To facilitate comprehensive analysis, the log-TPM data were centered around the reference condition of S. aureus TCH1516 cultured in RPMI+10% LB. This centering process enabled ICA to effectively capture strain-specific regulatory changes. For instance, it underscored the activity of the Fur transcription factor, depicted as a linear combination of the Fur iModulon, which comprises genes regulated by Fur, alongside a secondary strain-specific iModulon that delineates the differences between USA300 and non-USA300 strains.

Subsequently, FastICA was applied to the centered log-TPM data, which resulted in the computation of the M and A matrices, essential for defining the structures and respective activities of the iModulons (Pedregosa, 2011; Koldovsk et al., 2006). Determining the optimal number of stable components was a critical aspect, as FastICA is a non-deterministic method; thus, multiple iterations could yield varied component weightings and activity levels. Moreover, spurious components could emerge, which only appeared inconsistently across a subset of runs.

In order to ensure stability, ICA was executed a total of 100 times with a random seed.
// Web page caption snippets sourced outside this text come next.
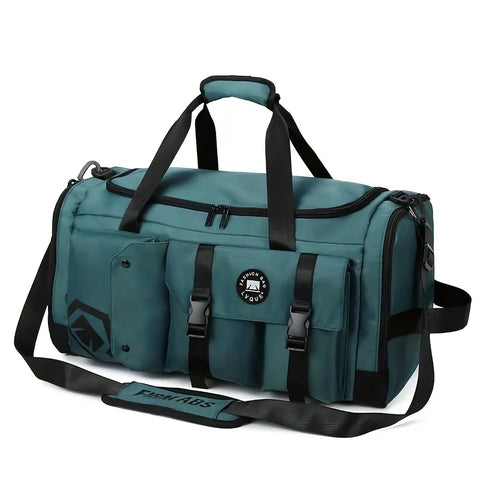 Large-Capacity Travel Backpack with Wet & Dry Separation & Shoe Compartment
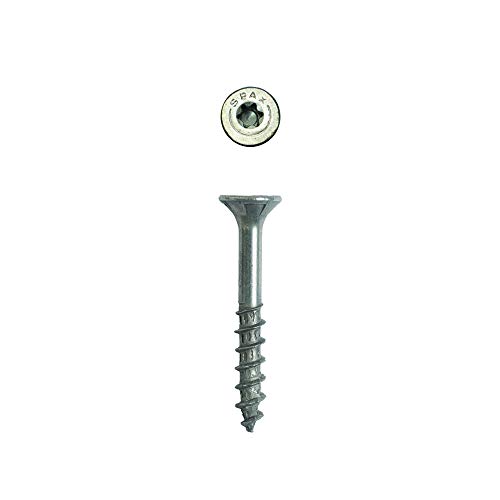 SPAX 4191670400324 Wood-Screws, 8 x 1-1/4
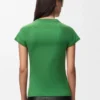 T-shirt met smalle pasvorm van katoenmix T-shirt met smalle pasvorm van katoenmix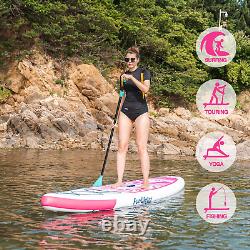 Ultra-Light Inflatable Stand-Up Paddle Board Kit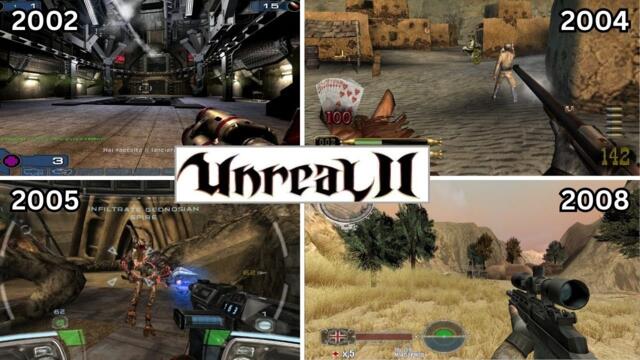 FPS Games in Unreal Engine 2 (2002-2008)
Similar components, such as those encompassing Fur-associated iModulons, were clustered using the DBSCAN algorithm to identify consistent patterns over various iterations. Only components that were present in every run were accepted for the final analysis. During the ICA process, researchers had to specify the number of components into which the data would be decomposed. Selecting too few components could result in signals from multiple transcription factors merging into a single component, whereas excessive decomposition might lead to numerous unstable single-gene iModulons that merely reflect noise within the dataset.
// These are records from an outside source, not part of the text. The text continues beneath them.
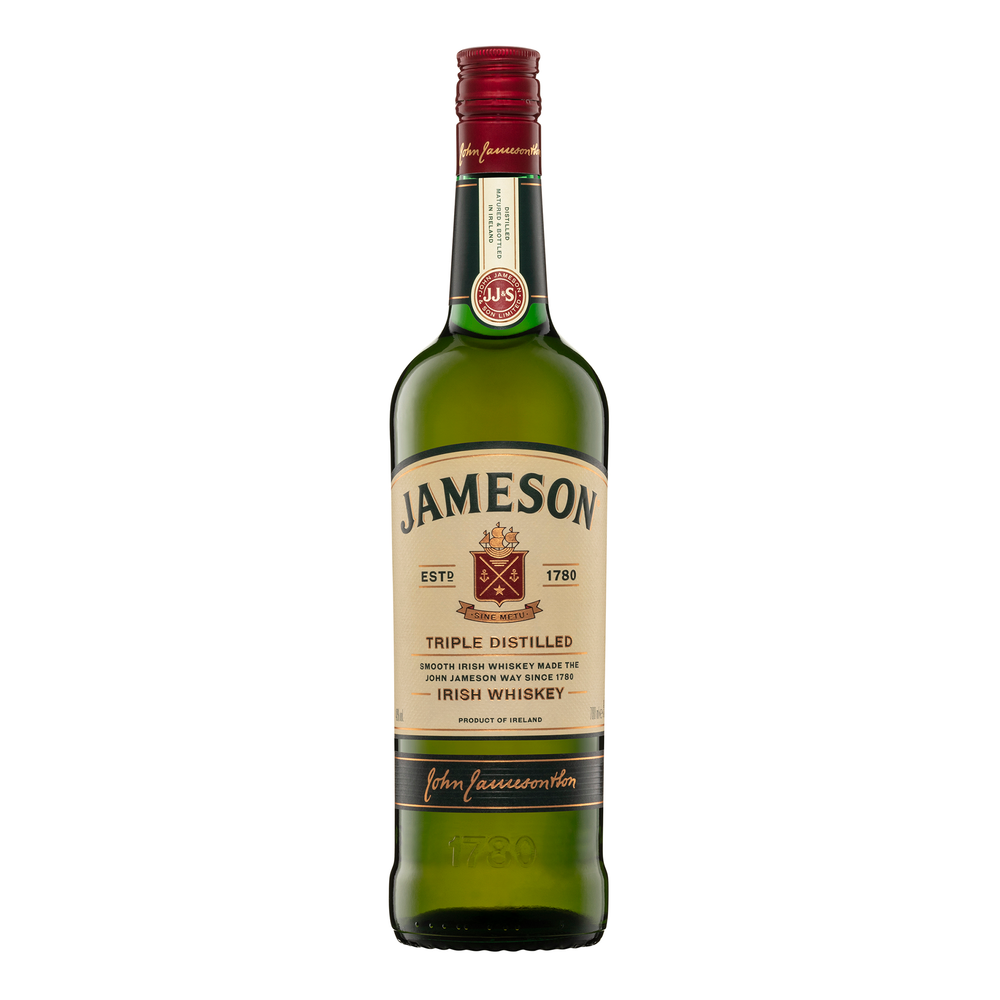 Jameson Irish Whiskey 700ml - Kent Street Cellars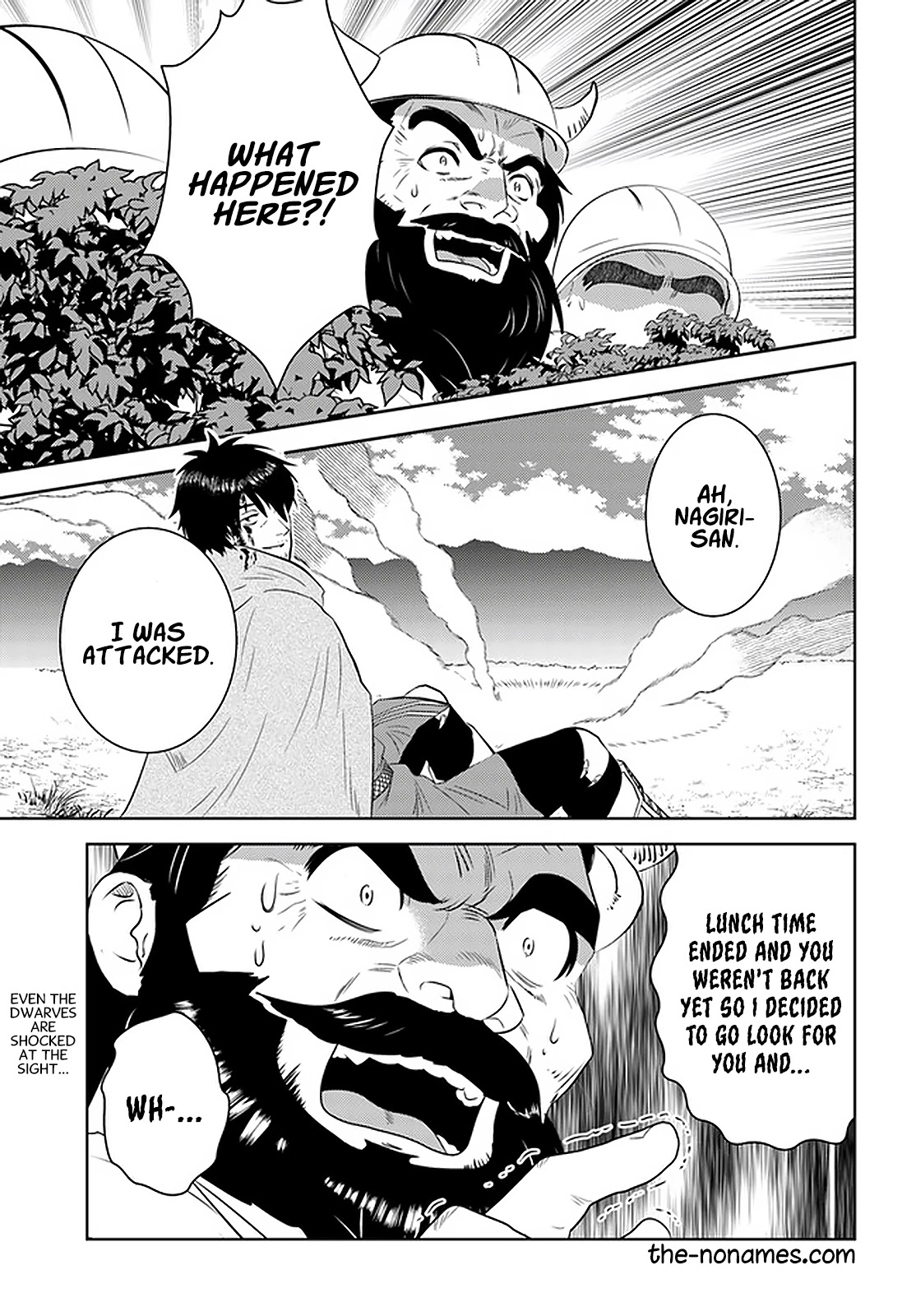 Arafoo Kenja no Isekai Seikatsu Nikki Chapter 29 page 2 - Chapter 29: Ossan is Working Again
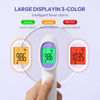 Picture of Forehead Thermometer for Adults, Kids & Babies, No-Touch Infrared Thermometer, Digital Thermometer with LCD Backlight Display, Fever Alarm and 1s Instant Reading - Purple
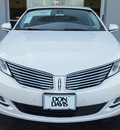lincoln mkz 2013 white sedan gasoline 4 cylinders front wheel drive automatic 76011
To pinpoint the optimal number of components, the heuristic method OptICA was employed. This innovative method runs ICA with varying numbers of input components, ranging from 10 to 340, ultimately recommending an optimal number that minimizes single-gene iModulons while maximizing robust components (McConn et al., 2021). The final model was constructed with 270 input components, of which 148 were classified as robust.
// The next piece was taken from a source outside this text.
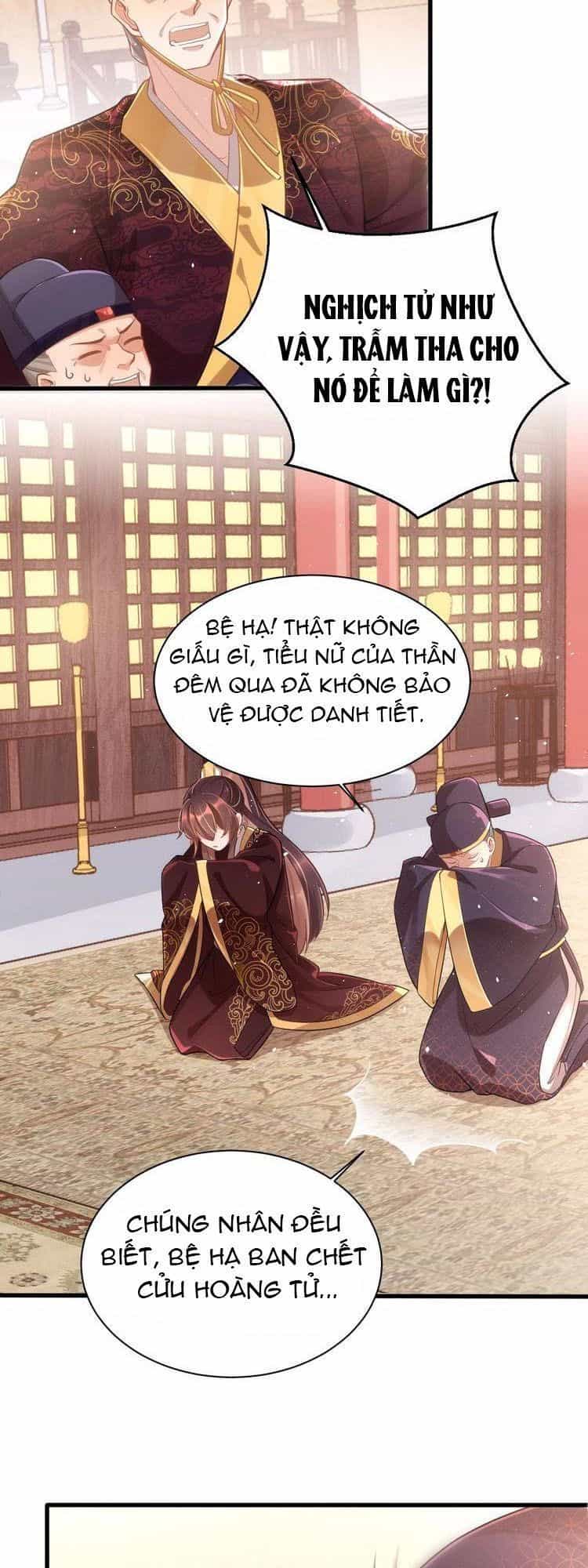 Công Chúa Tại Thượng: Quốc Sư Mời Xuống Kiệu - Chương 3 - ảnh 34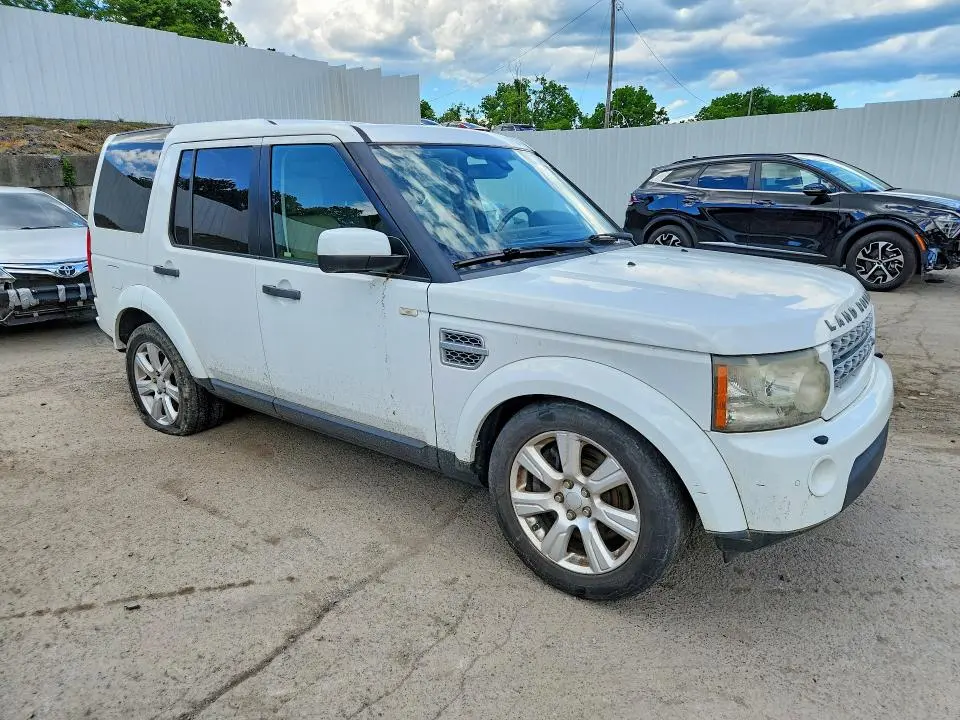 2011 LAND ROVER LR4 HSE LUXURY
The analysis of each component was thorough, and a gene was classified as part of an iModulon if its weighting did not conform to a Gaussian distribution, as determined by DAgostinos test. The genes associated with each iModulon were subsequently cross-referenced with genomic features such as regulons, phages, and mobile cassettes to identify significant overlaps (hypergeometric test; adjusted p-value <0.05, precision 0.5, and coverage 0.2). Furthermore, other iModulons linked to specific biological features, such as those involved in translation, were meticulously curated and labeled to reflect their properties accurately. The activities of the resulting iModulons were individually assessed to highlight those exhibiting the most pronounced strain-specific differences.